A Health Promoting Campus: What is your role?


Session Topic

How Student Affairs and higher education leaders in all sectors of campus can use the Okanagan Charter as a powerful call to action to embed human and ecological considerations for health and wellbeing in our campus plans and policies, to create environments which support learning and personal development and culture of well-being. We know that people who are well are able to engage in deeper learning, are more productive, and have a stronger sense of community and connection — all of which help create happier, healthier campus communities. We recognize that to be well, we must maintain healthy and resilient ecosystems and that when people and place are considered together, our communities can truly thrive. Our institutions must confront the complex issues about health, wellbeing, and sustainability of people and the planet. The Okanagan Charter provides higher education with a common language, principles, and framework to put campuses at the forefront of this movement. For our learning communities who live, work learn, and play on our campuses, we must begin to plan health promotion actions into the fabric of our campus setting. This session will help leaders and administrators understand what it means to become a health promoting campus and how understanding the Okanagan Charter is an important step to creating a campus plan for wellbeing.

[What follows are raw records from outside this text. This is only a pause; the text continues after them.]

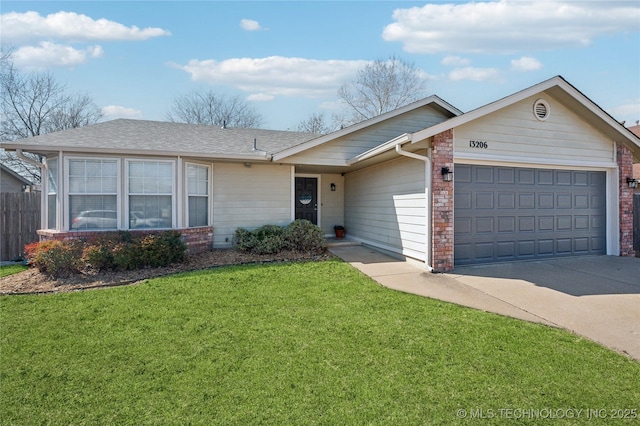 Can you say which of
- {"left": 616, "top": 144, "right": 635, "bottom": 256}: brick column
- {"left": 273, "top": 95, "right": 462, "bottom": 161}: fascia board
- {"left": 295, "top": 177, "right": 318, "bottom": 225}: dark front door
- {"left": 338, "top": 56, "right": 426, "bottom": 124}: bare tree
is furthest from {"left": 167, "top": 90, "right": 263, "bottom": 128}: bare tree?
{"left": 616, "top": 144, "right": 635, "bottom": 256}: brick column

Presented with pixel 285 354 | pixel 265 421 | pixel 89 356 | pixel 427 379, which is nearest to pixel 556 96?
pixel 427 379

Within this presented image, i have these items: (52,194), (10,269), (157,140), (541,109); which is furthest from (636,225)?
(10,269)

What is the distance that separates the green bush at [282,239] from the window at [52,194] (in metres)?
4.49

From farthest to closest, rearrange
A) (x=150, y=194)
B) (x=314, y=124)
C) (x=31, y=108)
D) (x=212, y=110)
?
(x=212, y=110) < (x=314, y=124) < (x=31, y=108) < (x=150, y=194)

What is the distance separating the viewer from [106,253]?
23.5 feet

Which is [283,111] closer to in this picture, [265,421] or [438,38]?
[438,38]

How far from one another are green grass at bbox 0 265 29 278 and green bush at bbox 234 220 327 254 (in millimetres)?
4931

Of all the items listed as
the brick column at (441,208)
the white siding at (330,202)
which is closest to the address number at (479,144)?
the brick column at (441,208)

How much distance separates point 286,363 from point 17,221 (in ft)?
33.2

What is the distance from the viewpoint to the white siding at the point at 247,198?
32.8 ft

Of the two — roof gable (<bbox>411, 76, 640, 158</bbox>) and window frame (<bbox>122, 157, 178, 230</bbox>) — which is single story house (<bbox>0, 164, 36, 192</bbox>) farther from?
roof gable (<bbox>411, 76, 640, 158</bbox>)

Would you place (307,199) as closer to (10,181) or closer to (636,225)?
(636,225)

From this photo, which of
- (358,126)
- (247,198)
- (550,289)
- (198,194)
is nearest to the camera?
(550,289)

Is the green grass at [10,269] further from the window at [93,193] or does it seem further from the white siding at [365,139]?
the white siding at [365,139] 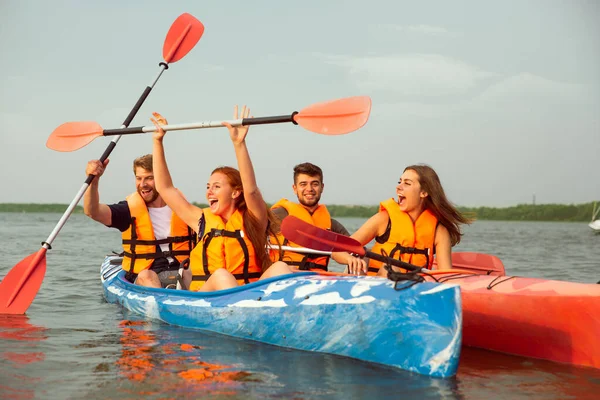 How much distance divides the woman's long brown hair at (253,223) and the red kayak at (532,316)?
1107mm

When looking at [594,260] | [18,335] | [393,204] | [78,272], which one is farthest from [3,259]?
[594,260]

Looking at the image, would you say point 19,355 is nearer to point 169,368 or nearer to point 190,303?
point 169,368

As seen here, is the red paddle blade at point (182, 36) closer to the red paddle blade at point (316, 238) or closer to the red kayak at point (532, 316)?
the red paddle blade at point (316, 238)

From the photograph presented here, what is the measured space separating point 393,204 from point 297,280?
1.43 meters

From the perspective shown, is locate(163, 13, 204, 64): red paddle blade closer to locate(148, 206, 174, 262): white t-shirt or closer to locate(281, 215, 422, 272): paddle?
locate(148, 206, 174, 262): white t-shirt

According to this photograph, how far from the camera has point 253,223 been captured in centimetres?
453

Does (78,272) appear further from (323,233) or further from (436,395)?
(436,395)

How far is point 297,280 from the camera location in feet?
13.3

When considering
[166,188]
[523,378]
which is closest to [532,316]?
[523,378]

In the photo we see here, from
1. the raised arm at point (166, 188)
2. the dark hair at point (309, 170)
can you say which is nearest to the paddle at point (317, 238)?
the raised arm at point (166, 188)

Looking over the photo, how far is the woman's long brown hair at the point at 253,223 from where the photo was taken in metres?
4.52

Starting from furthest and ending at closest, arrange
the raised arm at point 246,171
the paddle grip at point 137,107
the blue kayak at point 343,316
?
the paddle grip at point 137,107, the raised arm at point 246,171, the blue kayak at point 343,316

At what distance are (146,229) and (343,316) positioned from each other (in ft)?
7.78

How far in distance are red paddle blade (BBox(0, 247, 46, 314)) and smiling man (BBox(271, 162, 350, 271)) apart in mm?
1993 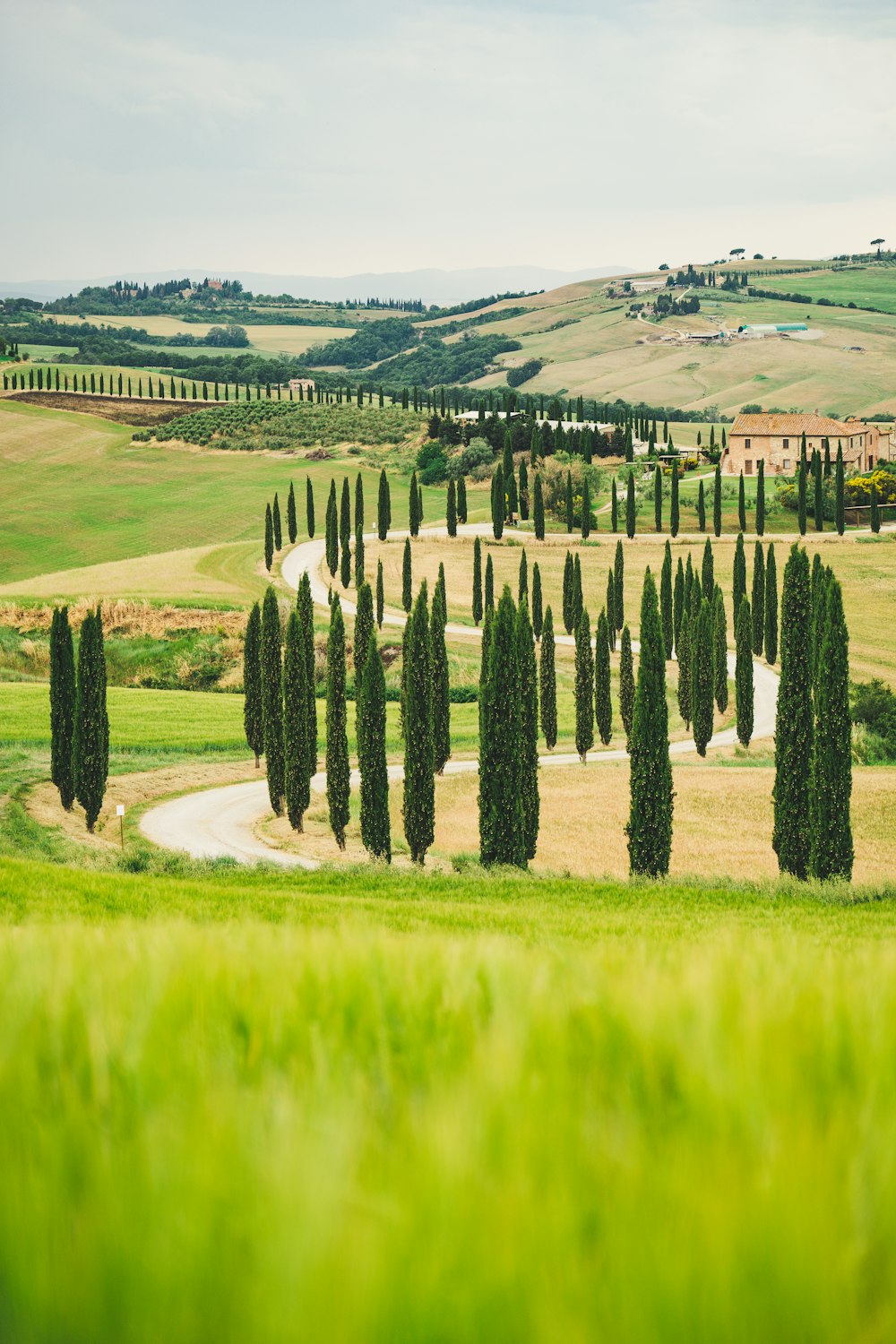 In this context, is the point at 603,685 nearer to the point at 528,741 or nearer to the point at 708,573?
the point at 708,573

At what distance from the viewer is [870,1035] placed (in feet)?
7.69

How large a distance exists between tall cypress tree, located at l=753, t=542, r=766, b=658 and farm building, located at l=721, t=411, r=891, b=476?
61690mm

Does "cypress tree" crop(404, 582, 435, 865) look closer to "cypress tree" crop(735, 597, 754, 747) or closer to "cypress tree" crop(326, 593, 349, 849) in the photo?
"cypress tree" crop(326, 593, 349, 849)

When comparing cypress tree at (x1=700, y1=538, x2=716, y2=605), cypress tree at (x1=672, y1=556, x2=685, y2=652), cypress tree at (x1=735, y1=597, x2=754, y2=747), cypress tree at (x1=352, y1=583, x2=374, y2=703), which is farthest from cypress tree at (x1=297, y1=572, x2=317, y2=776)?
cypress tree at (x1=700, y1=538, x2=716, y2=605)

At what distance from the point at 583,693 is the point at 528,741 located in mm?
23225

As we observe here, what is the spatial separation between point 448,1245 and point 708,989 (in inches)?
43.6

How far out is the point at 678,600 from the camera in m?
84.8

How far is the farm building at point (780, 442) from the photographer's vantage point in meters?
146

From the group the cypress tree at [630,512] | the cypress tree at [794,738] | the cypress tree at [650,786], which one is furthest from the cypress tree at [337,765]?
the cypress tree at [630,512]

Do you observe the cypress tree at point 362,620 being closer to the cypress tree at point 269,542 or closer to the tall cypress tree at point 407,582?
the tall cypress tree at point 407,582

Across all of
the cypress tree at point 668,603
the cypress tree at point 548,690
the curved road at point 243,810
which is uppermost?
the cypress tree at point 668,603

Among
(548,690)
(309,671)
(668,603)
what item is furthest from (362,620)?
(668,603)

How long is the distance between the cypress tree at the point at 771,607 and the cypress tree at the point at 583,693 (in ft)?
73.2

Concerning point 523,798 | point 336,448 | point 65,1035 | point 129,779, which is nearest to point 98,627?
point 129,779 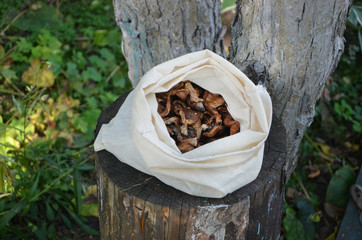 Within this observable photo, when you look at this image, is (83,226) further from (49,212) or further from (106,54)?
(106,54)

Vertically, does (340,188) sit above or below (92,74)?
below

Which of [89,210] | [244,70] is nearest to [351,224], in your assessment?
[244,70]

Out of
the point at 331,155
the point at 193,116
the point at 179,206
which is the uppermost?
the point at 193,116

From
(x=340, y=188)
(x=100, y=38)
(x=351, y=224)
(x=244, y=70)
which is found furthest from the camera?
(x=100, y=38)

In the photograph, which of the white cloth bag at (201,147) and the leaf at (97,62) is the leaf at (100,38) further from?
the white cloth bag at (201,147)

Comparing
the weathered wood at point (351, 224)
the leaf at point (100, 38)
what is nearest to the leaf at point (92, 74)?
the leaf at point (100, 38) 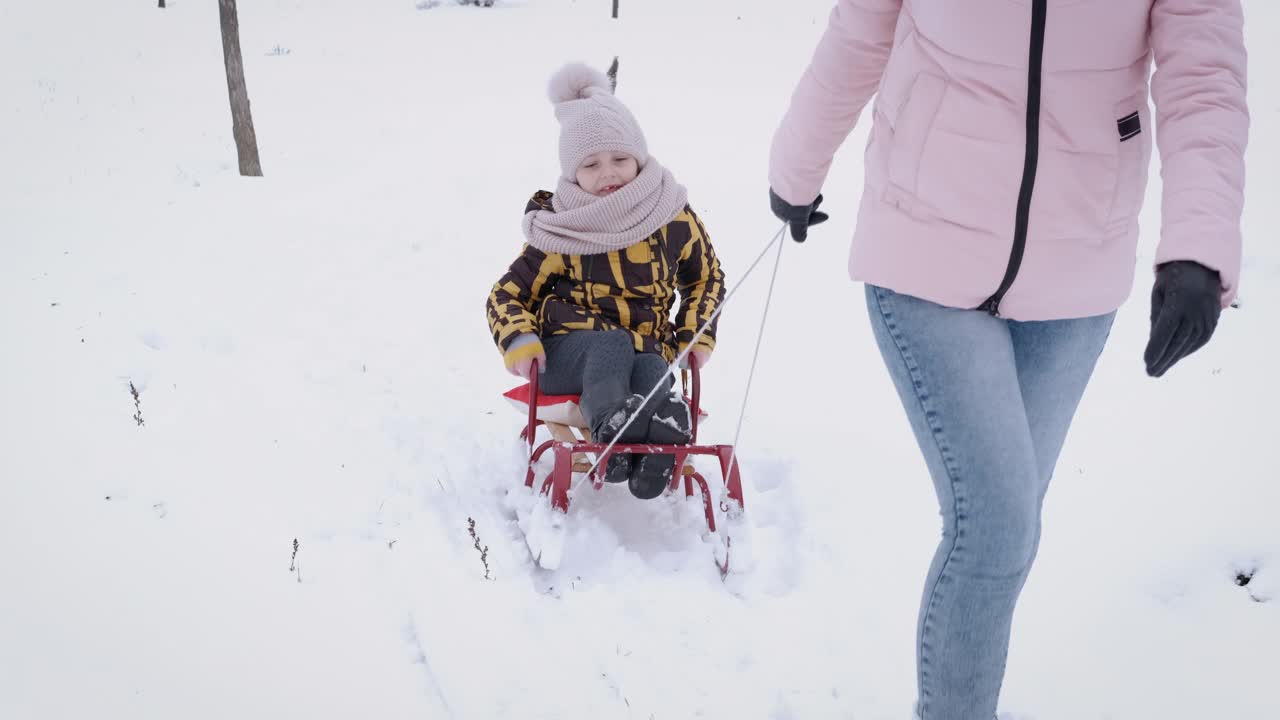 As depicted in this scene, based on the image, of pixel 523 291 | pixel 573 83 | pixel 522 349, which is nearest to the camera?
pixel 522 349

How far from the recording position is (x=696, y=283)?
3.88 meters

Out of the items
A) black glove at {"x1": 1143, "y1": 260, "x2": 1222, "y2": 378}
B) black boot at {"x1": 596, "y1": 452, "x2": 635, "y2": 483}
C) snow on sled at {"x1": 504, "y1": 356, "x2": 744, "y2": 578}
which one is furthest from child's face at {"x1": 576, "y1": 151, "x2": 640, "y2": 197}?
black glove at {"x1": 1143, "y1": 260, "x2": 1222, "y2": 378}

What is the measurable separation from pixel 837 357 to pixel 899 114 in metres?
3.55

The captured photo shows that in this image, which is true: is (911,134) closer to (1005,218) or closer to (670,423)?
A: (1005,218)

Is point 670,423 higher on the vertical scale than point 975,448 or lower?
lower

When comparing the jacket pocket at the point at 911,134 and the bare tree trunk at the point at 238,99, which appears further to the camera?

After the webinar what are the 4 things attendees will be able to do when they get back to their institutions?

  1. Know why being a health promoting campus matters.
  2. Understand the Okanagan Charter and why it is ground breaking.
  3. Articulate how the campus physical environment plays a role in becoming a health promoting campus?
  4. Advocate for a collective impact frameworks, campus master plans, and policies for creating well-being in settings, communities, and individuals.


Why be a health promoting campus – With young adults in a new environment, our higher education settings can enhance their capacity of learning at the population-level, provide experience in a setting where health, wellbeing and sustainability are lived priorities while becoming a models for moving past individualistic bio-behavioral efforts to the creation of a community committed to wellbeing. We will cite research and report on practices in health promotion which demonstrated that the systematic approach is the most effective. An important element of this system is the setting, the more than human world, aka environment.

What is the Okanagan Charter – The Okanagan Charter is especially valuable to health promoting campuses because it is visionary, inspiring and very practical, with an action framework that can be adapted to any campus. This section will review the international effort around creating the charter, its components, and strategies for effective implementation.

Planning for Wellbeing – Establish why the quality and design physical environment or “setting” is critical element of being a health promoting campus.  How the planning process can help to embed health and wellbeing into all aspects of campus culture, across the administration, operations and academic mandates.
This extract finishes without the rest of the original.